The entries that follow should be repeated exactly, with no pictures kept.

Records from a collection:
[Start of Attachment]
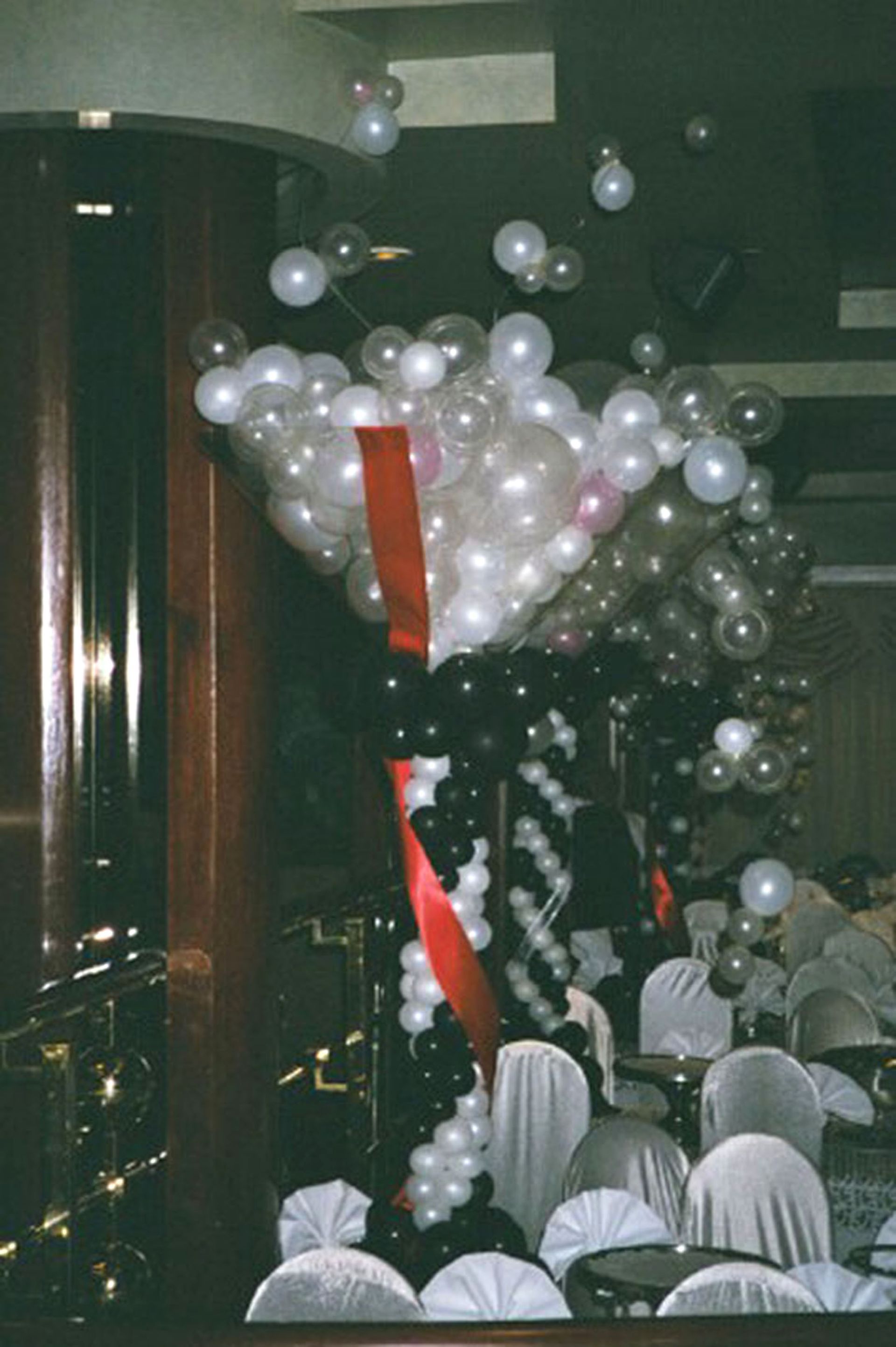 Balloon archway with black, white, and clear balloons, red ribbon, in a banquet hall.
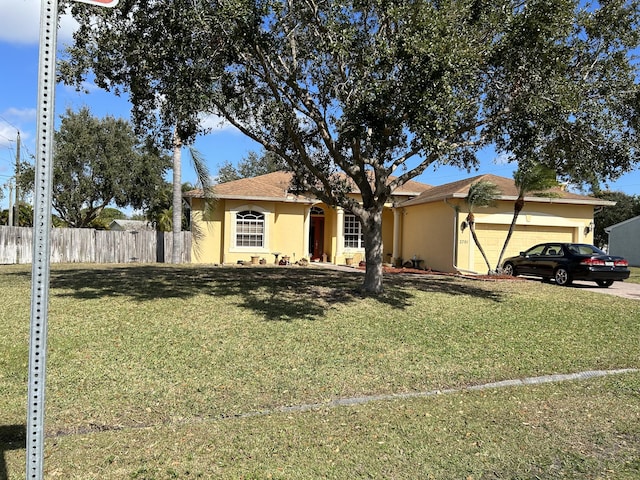 ranch-style home with a front yard and a garage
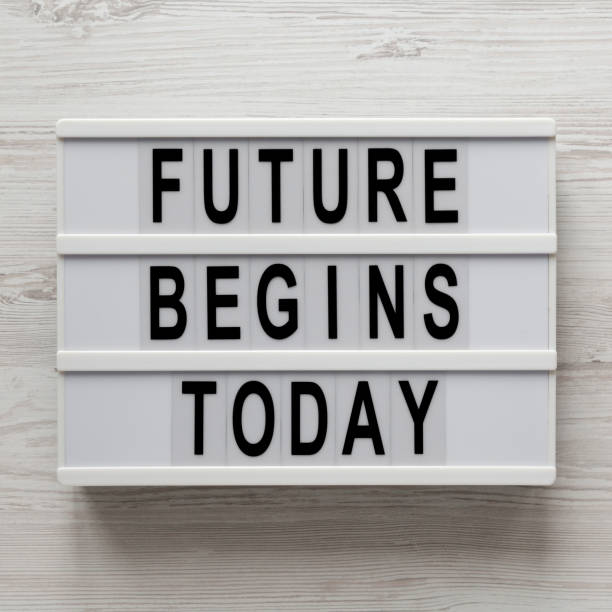 istock 'Future begins today' words on a lightbox on a white wooden background, top view. Overhead, from above, flat lay. Closeup. 1200674655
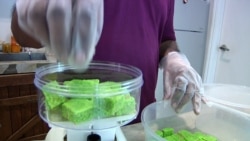 The baskets include sweet treats such as coconut candy. (Dave Grunebaum/VOA)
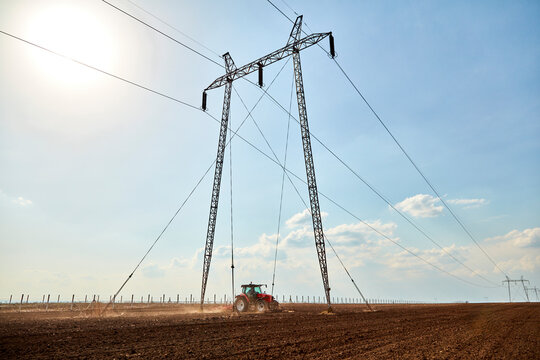 Tractor cultivating field near electricity pylon on sunny day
[End of Attachment]
■ Result below ■
 Balloon archway with black, white, and clear balloons, red ribbon, in a banquet hall.
 ranch-style home with a front yard and a garage
 istock 'Future begins today' words on a lightbox on a white wooden background, top view. Overhead, from above, flat lay. Closeup. 1200674655
 The baskets include sweet treats such as coconut candy. (Dave Grunebaum/VOA)
 Tractor cultivating field near electricity pylon on sunny day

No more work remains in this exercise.